Por una palabra dicha regularmente sin doblez, y que nosotros interpretamos mal, y que con nuestras malignas cavilaciones le damos la malicia qua no tiene, prorumpimos en quejas inoportunas, y se nos escalan algunas expresiones duras e insultantes. Si cuando se nos hace alguna injuria la sofocáramos al momento, no llegaríamos a impacientarnos, pero como la solemos grabar profundamente en nuestro corazón, va tomando fuerzas por instantes, y llega a enconarse de manera que no somos ya capaces de contenernos.

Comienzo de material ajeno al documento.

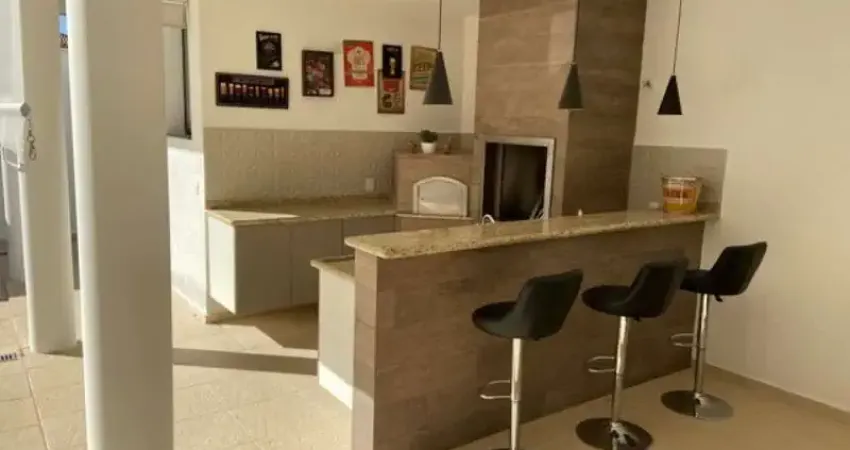 Casa com 4 quartos à venda na Avenida Adonias Cepellos, 144, Jardim Residencial Tivoli Park, Sorocaba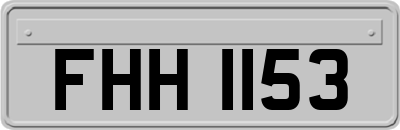 FHH1153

Al principio es fácil reprimir los movimientos de la ira; entonces no es más que una chispa que podemos apagar como un leve soplo; pero si la dejamos tomar aumento, si la dejamos encrespar, ya no hay quien pueda sofocarla. No es ya, entonces, un fuego que abrasa, es un volcán que vomita piedras y peñascos, fuegos y llamas que destruyen y devoran cuanto encuentran a su alrededor.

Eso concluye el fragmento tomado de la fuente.